The only answer I have to that question is almost sociological. At the time the two books were written, there was an atmosphere of new thinking, especially in the direction of syn- thesizing new worlds, so to speak, by putting together old fields of science, even art. The dream was to arrive at a new way of thinking in which science and art were blended in some manner.

iTuring: How is your new book The Stochastic Community? What is this book about? What field would your research in the book have impact on?
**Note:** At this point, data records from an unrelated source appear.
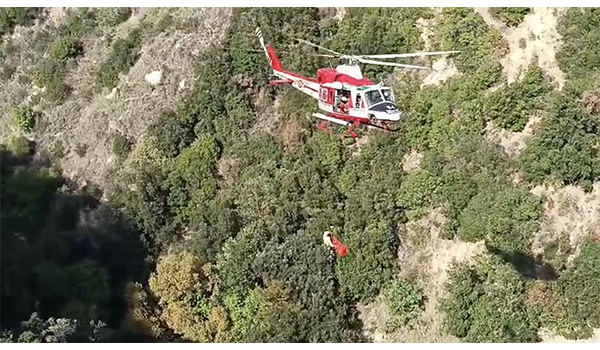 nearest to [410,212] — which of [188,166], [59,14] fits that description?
[188,166]

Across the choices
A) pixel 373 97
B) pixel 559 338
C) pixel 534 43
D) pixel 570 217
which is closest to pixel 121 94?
pixel 373 97

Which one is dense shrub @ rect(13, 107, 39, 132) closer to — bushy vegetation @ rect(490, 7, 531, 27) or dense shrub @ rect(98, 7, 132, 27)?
dense shrub @ rect(98, 7, 132, 27)

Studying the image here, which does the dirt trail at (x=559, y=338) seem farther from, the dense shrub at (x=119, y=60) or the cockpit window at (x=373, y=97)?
the dense shrub at (x=119, y=60)

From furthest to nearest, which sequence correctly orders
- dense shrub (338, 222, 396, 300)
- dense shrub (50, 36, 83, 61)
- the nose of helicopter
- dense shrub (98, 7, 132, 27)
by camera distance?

The book I am currently publishing is called The Stochastic Community. It is directed mainly at population biologists and ecologists generally. It is rather technical based on the hypothesis that all populations tend to fluctuate randomly over time, One may then prove mathematically that abundances follow a definite distribution that I call the “J distribution”, essentially a hyperbola. It will take along time for the correctness of this theory to be widely understood because there are several other distribution competing for the crown, so to speak.
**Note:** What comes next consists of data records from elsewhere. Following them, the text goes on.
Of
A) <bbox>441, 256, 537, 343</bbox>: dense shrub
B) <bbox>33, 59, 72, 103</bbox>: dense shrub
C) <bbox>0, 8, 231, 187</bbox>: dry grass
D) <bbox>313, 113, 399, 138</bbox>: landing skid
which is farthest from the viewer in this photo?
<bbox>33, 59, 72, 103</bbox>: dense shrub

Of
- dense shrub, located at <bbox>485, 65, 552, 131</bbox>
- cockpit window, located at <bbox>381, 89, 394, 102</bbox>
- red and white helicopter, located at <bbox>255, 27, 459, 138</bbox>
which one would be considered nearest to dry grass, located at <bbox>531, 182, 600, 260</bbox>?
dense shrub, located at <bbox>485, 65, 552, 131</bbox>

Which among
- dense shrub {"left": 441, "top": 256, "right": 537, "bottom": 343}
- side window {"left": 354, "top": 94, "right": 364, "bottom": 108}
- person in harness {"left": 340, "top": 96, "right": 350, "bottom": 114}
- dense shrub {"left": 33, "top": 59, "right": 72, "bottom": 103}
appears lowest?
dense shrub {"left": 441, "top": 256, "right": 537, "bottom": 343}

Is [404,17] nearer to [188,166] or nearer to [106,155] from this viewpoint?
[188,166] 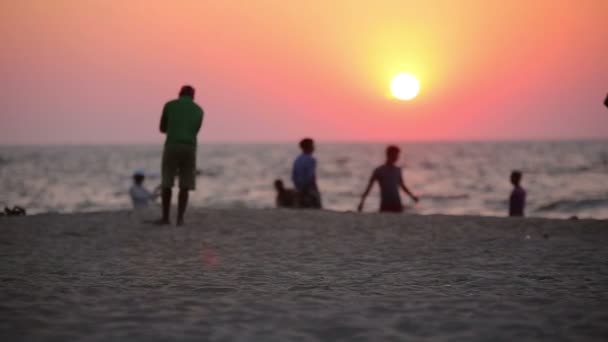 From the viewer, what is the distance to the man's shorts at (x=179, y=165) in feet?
30.7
iTuring: An American popular TV series called The Big Bang Theory is also catching on in China, this series tells stories about a bunch of physics scientists who talks about string theories and other interesting concepts including two-dimensional universe. Do you think in our age, science is becoming more and more incorporated in pop culture?

I am afraid that, as science penetrates pop culture, it becomes distorted and somewhat sensationalised. In the west we have a very big educational problem called “The great dumbing down.” Science and math curricula are being systematically gutted. The ultimate outcome might be new levels of ignorance that will extend even into governments and governing institutions. I understand that China has preserved high educational standards and I hope these are never abandoned. Some day China may have to save the world!